By Brad Jones, Futurism

 

This year’s flu season is said to the most widespread on record, causing more than 17,000 hospitalizations since October 2017, according to the Centers for Disease Control and Prevention (CDC). Now, a Japanese drugmaker claims to have developed a pill capable of killing of the virus in just one day.

 

Japanese and American flu patients who took part in the recent trial of the Shionogi & Co. pill are said to have had the virus wiped out from their bodies in about 24 hours. For comparison, the popular Tamiflu medicine produced by the Roche group was found to take three times as long.

 

The Shionogi compound and Tamiflu take around the same time to entirely contain flu symptoms, but the former provides immediate relief more quickly. What’s more, its producers say, it only requires a single dose to be effective, whereas Tamiflu has to be taken twice a day for five days.

 

 

The Japanese company built upon its anti-HIV medicine to produce a drug that’s different to other flu medications.
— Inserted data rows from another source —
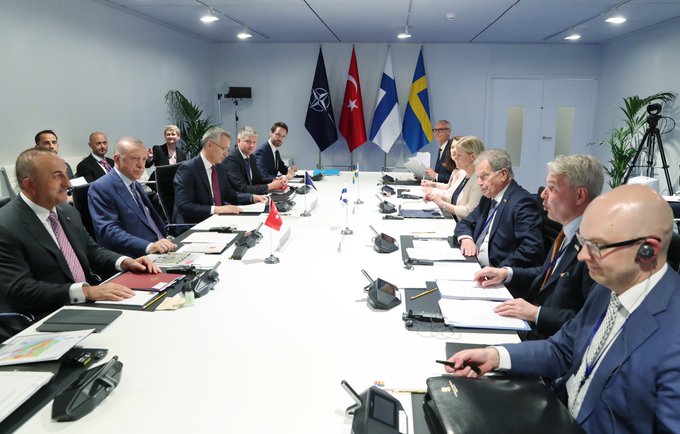 Κεκλεισμένων των θυρών η τετραμερής ΝΑΤΟ – Τουρκίας – Φινλανδίας – Σουηδίας για να πειστεί ο Ερντογάν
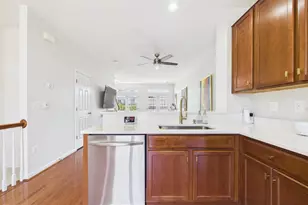 15653 John Diskin Cir, Woodbridge, VA 22191 - Photo 12
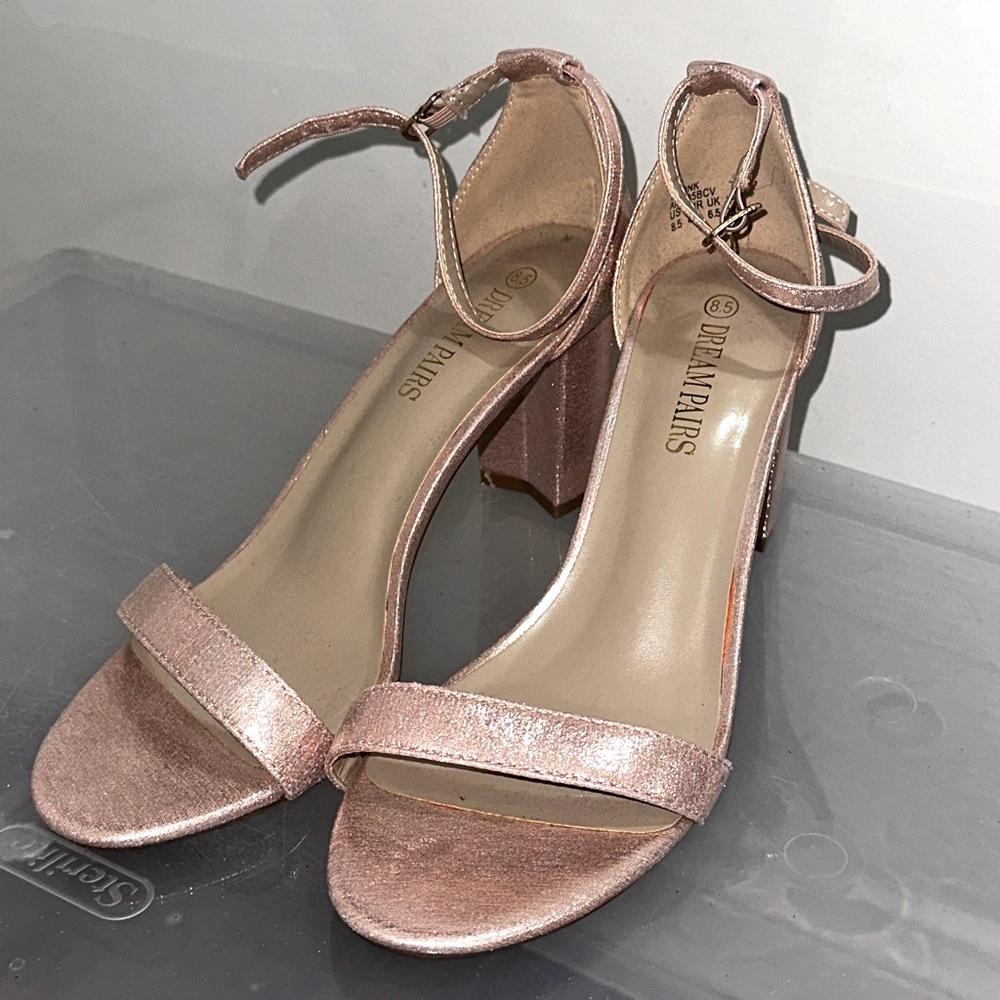 ✨Women’s Champagne Heels✨
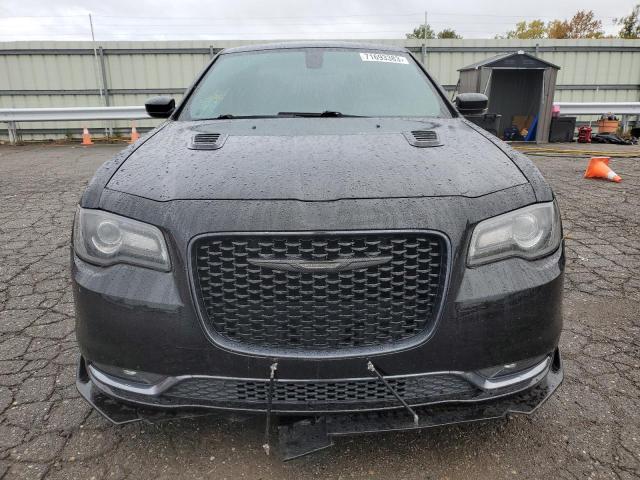 Photo 4 VIN: 2C3CCABG7HH552353 - CHRYSLER 300 S 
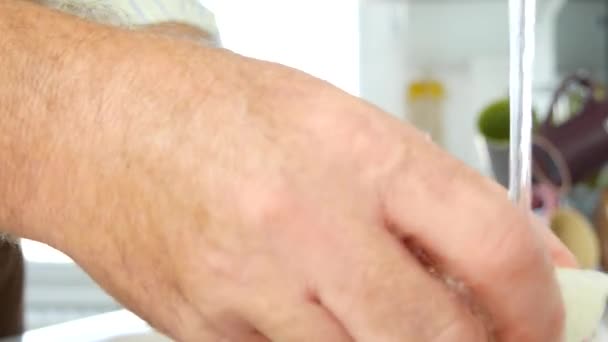 Mannen Händerna Nära Visa Tvätt Vit Lök Mat Hälsosam Ingrediens — Stockvideo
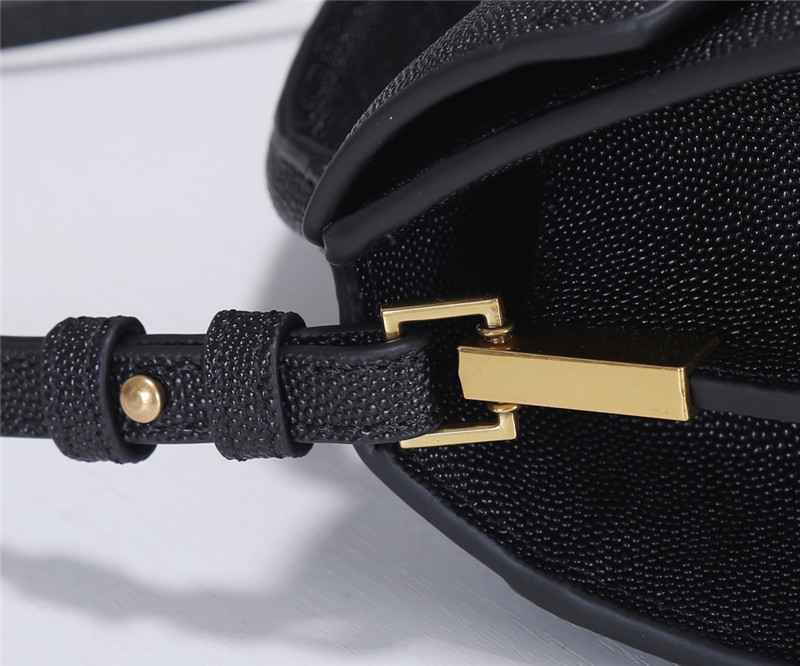 Sa1nt Lau*nt cassandra medium top handle bag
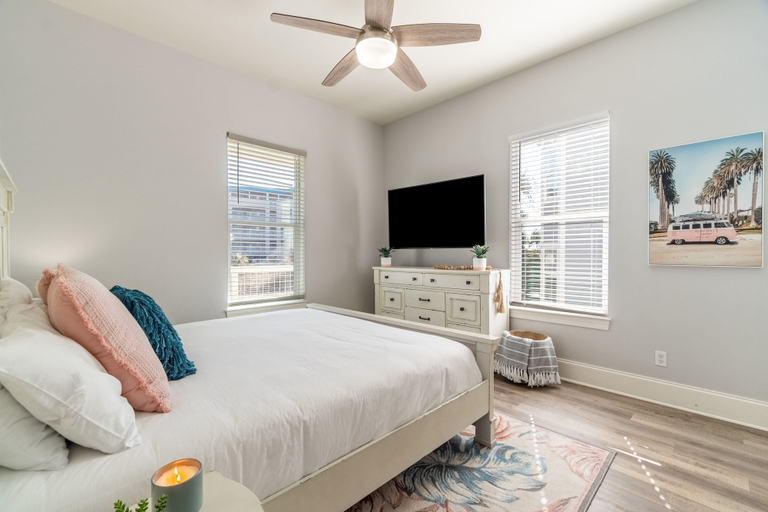 Bedroom 2, Tidepool by Avantstay 2min Walk to Miramar Beach!, Walton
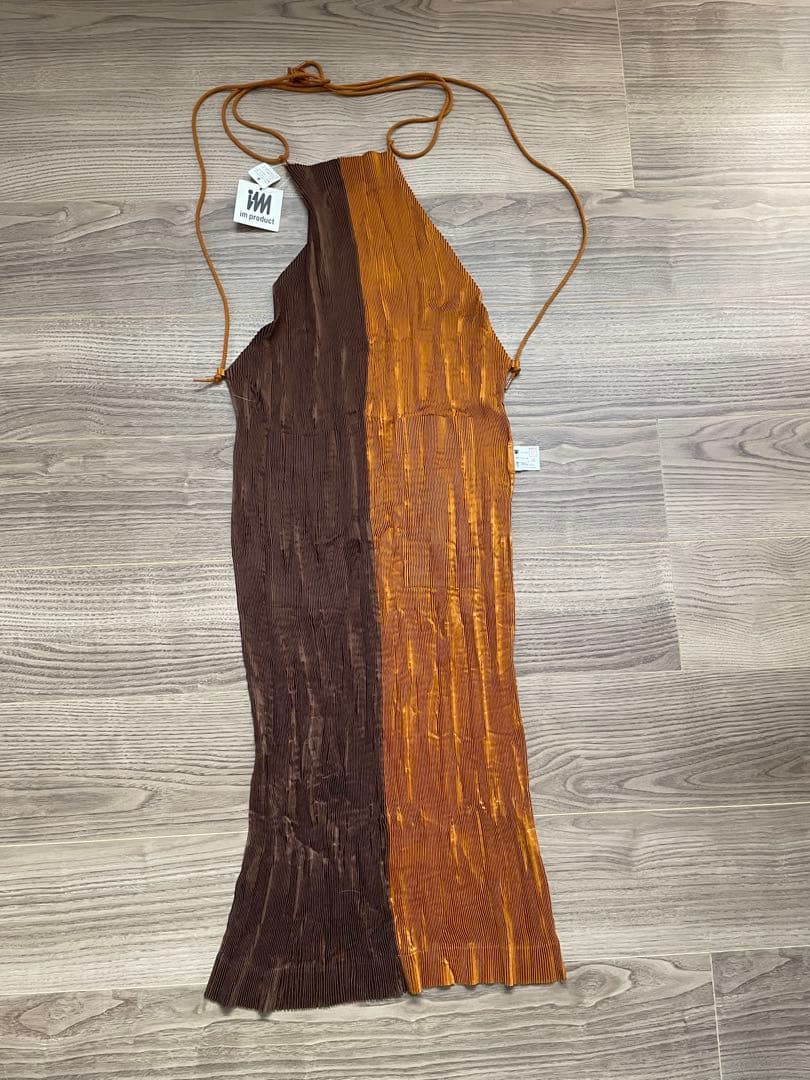 im product ISSEY MIYAKEプリーツ エプロンワンピース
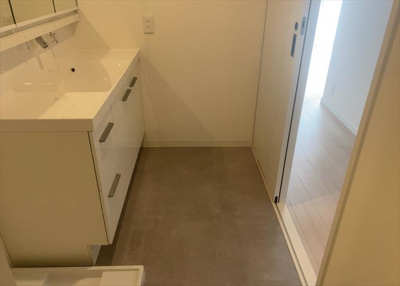 【脱衣所】 | ロイヤルステージ北野 | 洗面脱衣所は「体を綺麗に整える場所」という目的と役割を持っています。そして便利で使い勝手のいい「体を綺麗に整える場所」にするためには、配置や動線、照明や収納計画をしっかりと検討しておく必要があります。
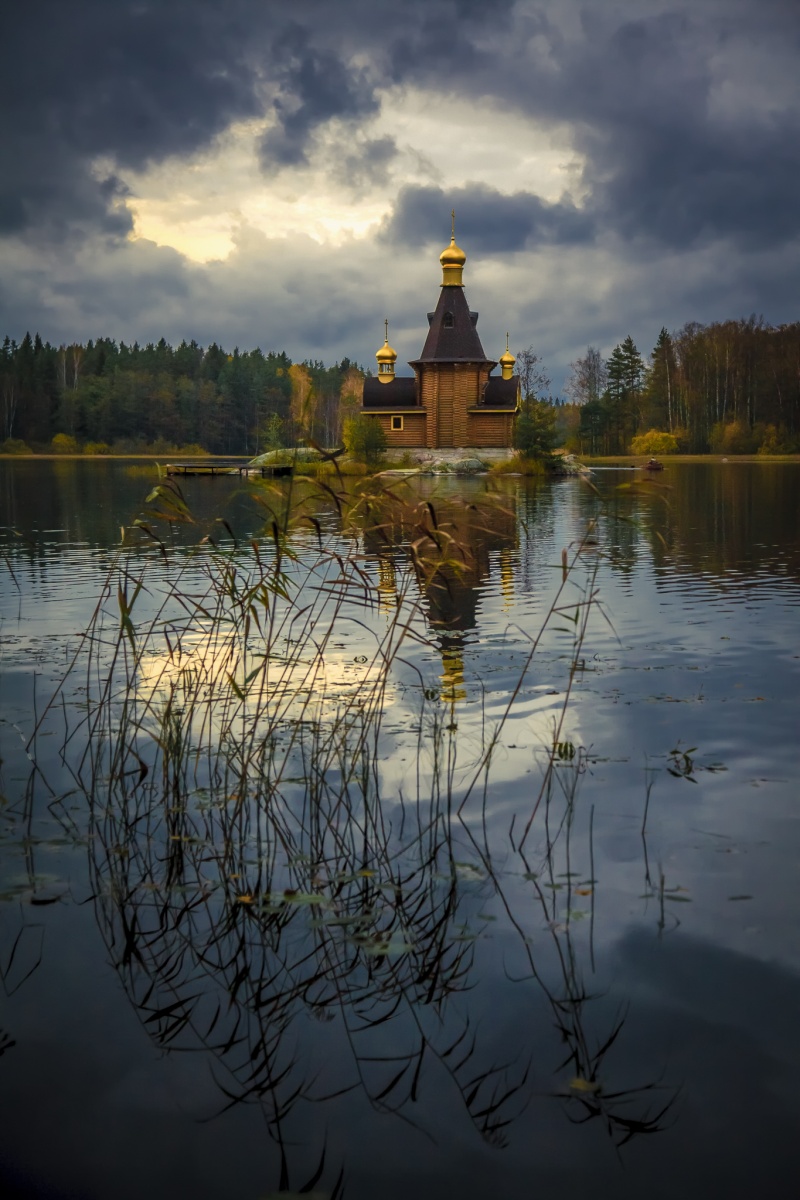 церковь с озером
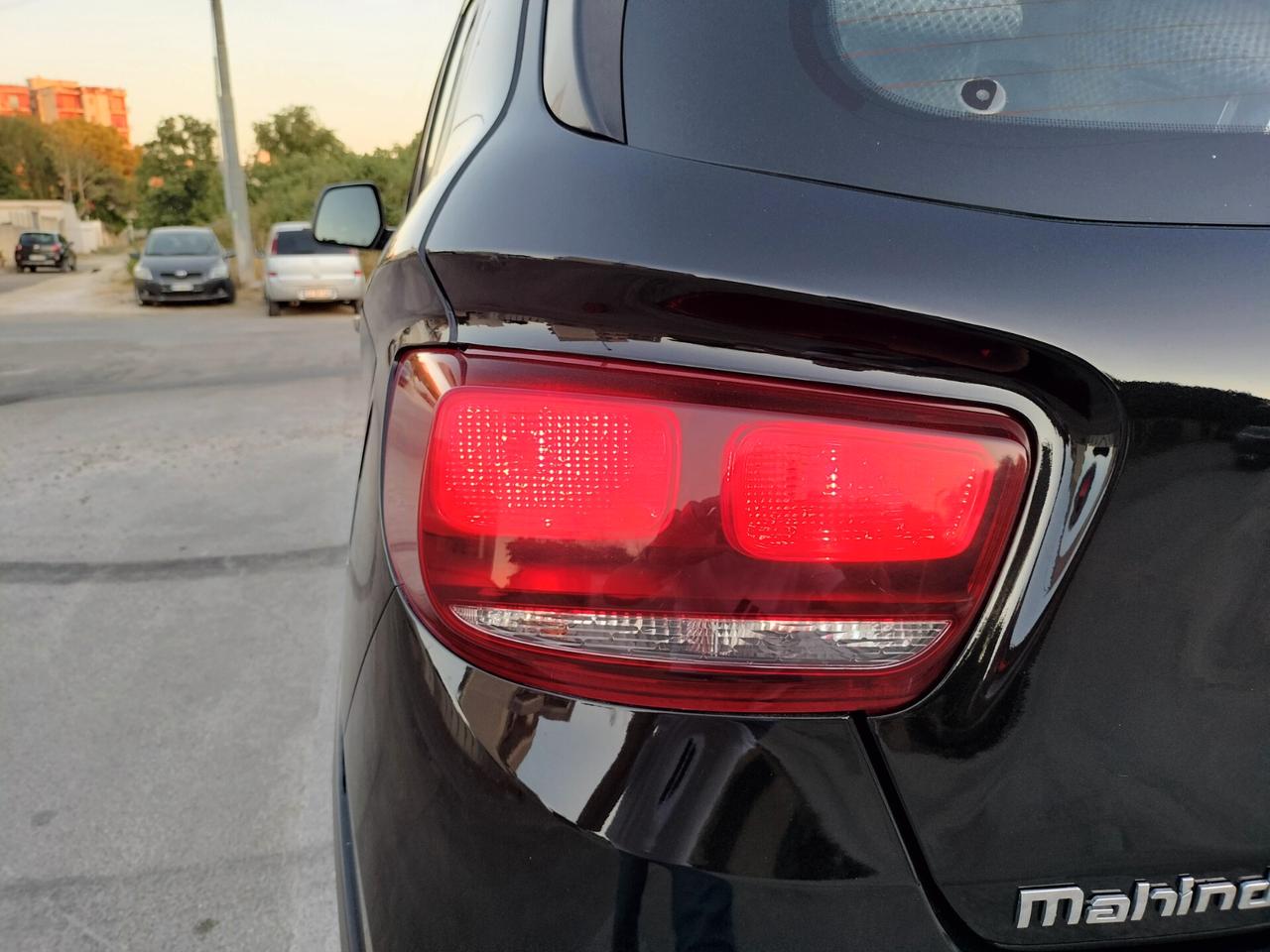 Mahindra KUV100 1.2 VVT M-Bifuel(GPL) K8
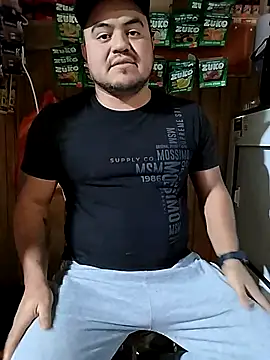 TheBriiaand30 webcam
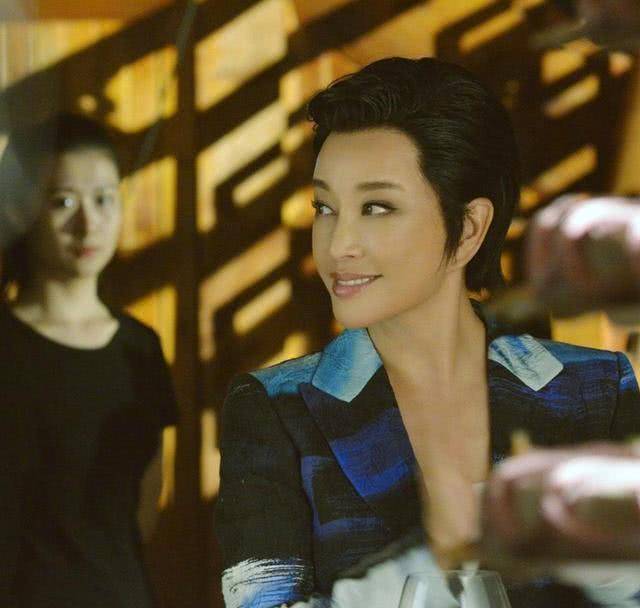 原创64岁刘晓庆花样多剪短发梳成背头霸气十足配西装太man了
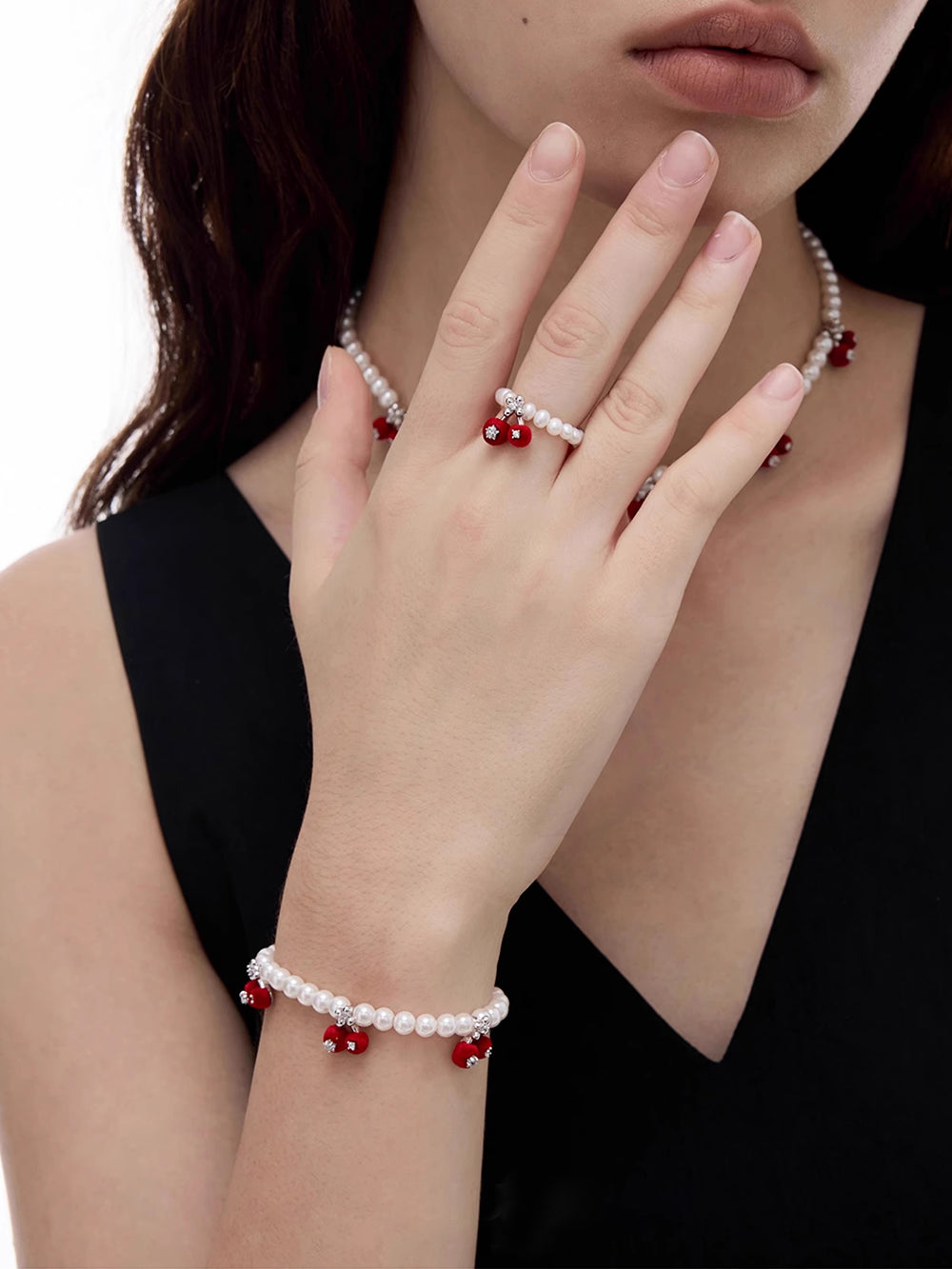 MUKTANK×SUN HUNTER Velvet Cherry Ring (with Natural Pearls)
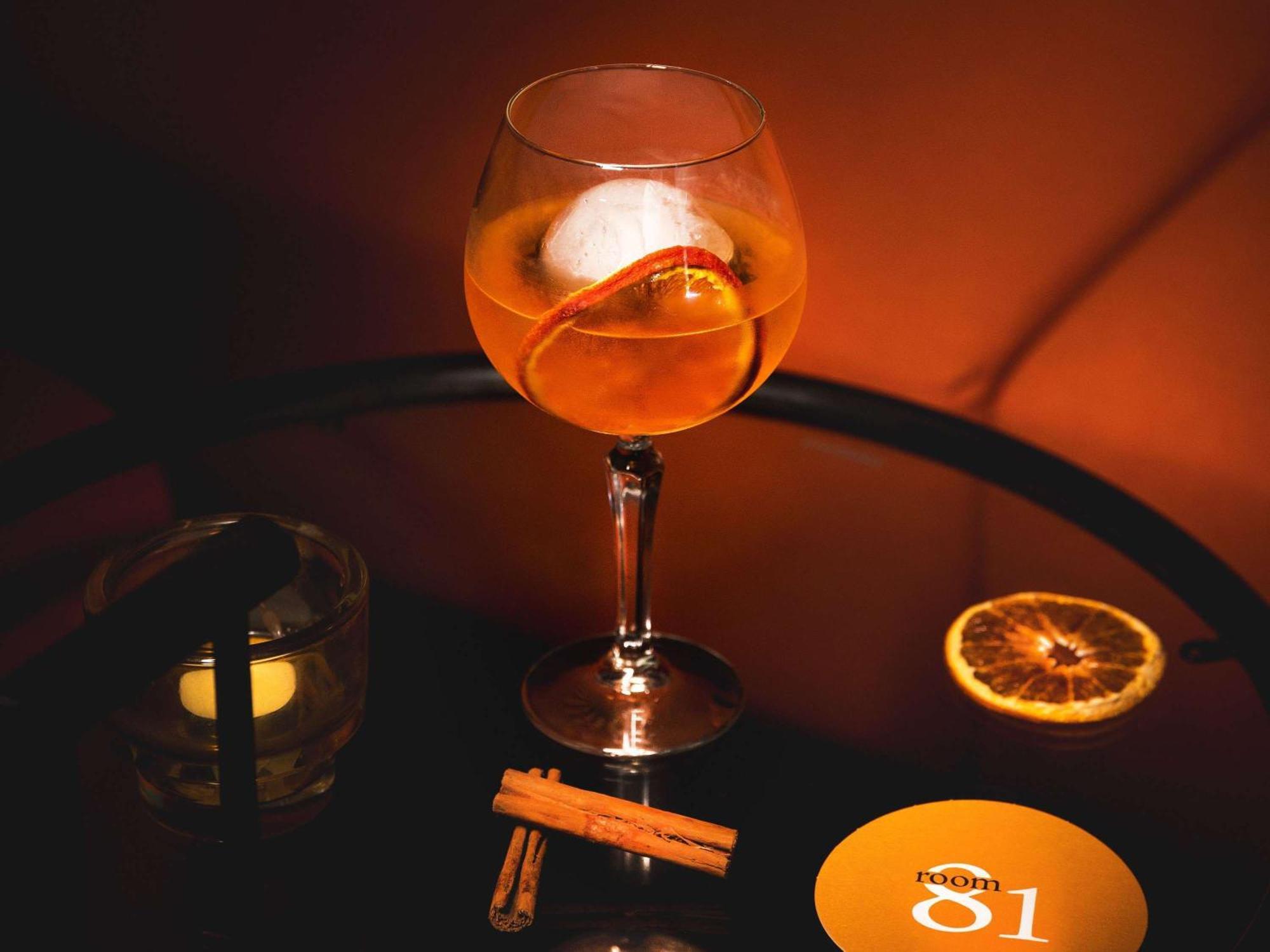 Sofitel Gold Coast Broadbeach Exteriér fotografie A glass of vermouth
The virus works by hijacking human cells and forcing them to produce viral material rather than proteins, which would normally spread the virus across the body. While currently available treatments stop the virus from exiting the infected cell and spreading, Shionogi’s method prevents the viral material from being produced in the first place.

 

Research into methods of fighting the influenza virus typically concentrate on improving upon existing vaccines, rather then developing new treatments. However, this project could be a key step forward in the ongoing fight against the flu, as killing the virus as quickly as possible could reduce the risk of infected individuals spreading it around.

 

According to the Wall Street Journal, Shionogi says that Japan’s regulatory authority for drugs is fast-tracking approval for the medication, and the company could have permission to move forward as early as March. An application for US approval will be submitted over the summer, although a response isn’t expected until 2019.